Wednesday, September 16, 2009

Day 31 (beginning of phase 2)

I want to share a quote that my husband emailed me last night--it's from an Onion AV Club interview of Ira Kaplan, guitarist of Yo La Tengo:

AVC: When you were a teenager and standing in front of your mirror pretending to be a rock star, who were you pretending to be?

IK: Huh. [Laughs.] You know, by the time I was a teenager, I’m not sure I was doing that. I’m not saying I wasn’t standing in front of a mirror, but by then I may have been foolhardy enough to think I was being myself.

Then my husband added his own thought:

I think it's an interesting way, possibly, to think about how (some) people realize their dreams. There comes a time when we stop fantasizing about being someone else and start picturing ourselves doing the things we dream of doing.

I love this. It captures the way I've been feeling over these past couple of months, and it blows me away to think I'm finally living my own life! Letting myself envision the home I want to live in and the life I want to live, and then choosing to take responsibility for my actions and my habits is the most empowering thing I've ever experienced. And I've flown a plane.

Now, back to business: I felt pretty lame giving that second excuse last night (even though I cleverly disguised it as a "caveat"), so I actually neatened up my desk before I went to bed. I just put a couple of pens away, and consolidated my piles, and I felt better. I felt compelled to stick to my commitment, which is awesome, and I also really wanted a neat desk, which is pretty awesome too.

I'm teetering between feeling like I'm not doing enough and believing that the best I can do is just fine. It's different than with the clothes. You wear some stuff, you put it away, it's done. With the desk, there's so much going on and I haven't had time to get to the bottom of it. I feel like I'm building a new habit on top of an old one (literally), instead of clearing space for a new one to take hold.
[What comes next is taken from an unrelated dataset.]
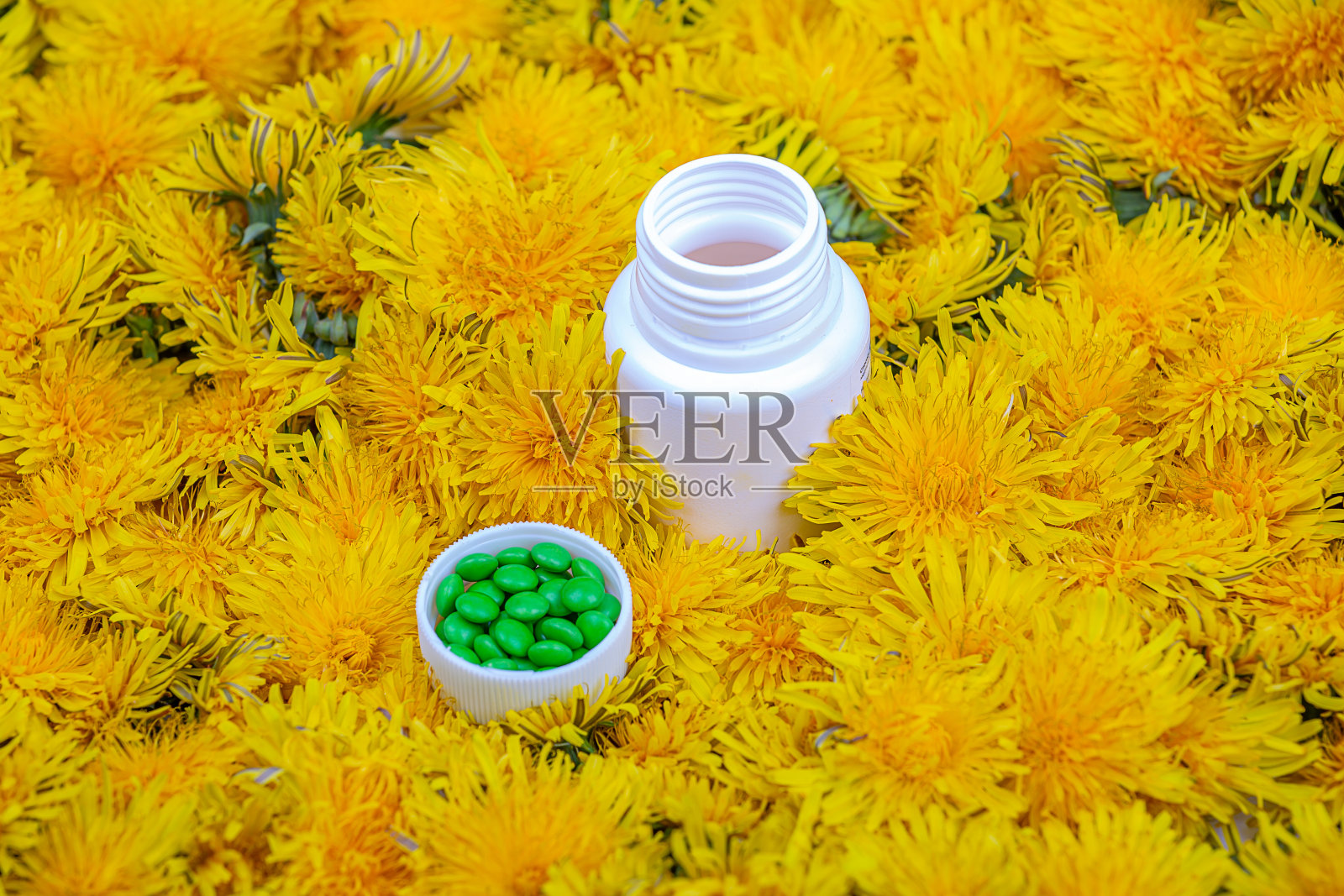 维生素在蒲公英。瓶子里装着蒲公英花里的绿色药丸，特写照片摄影图片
But, realistically, it's a bigger job than I have time for right now to plow through everything, so I guess I'll start here: all the loose items I use over the course of the day (pens, PostIts, fake rubber teeth my mom gave my son to play with) will find a home, and the papers will be neatened up if not put away. The bottom line is that I want my desk to be a peaceful haven when I'm done with it and when I come back to it. That's the plan, and I'm looking forward to it all working out!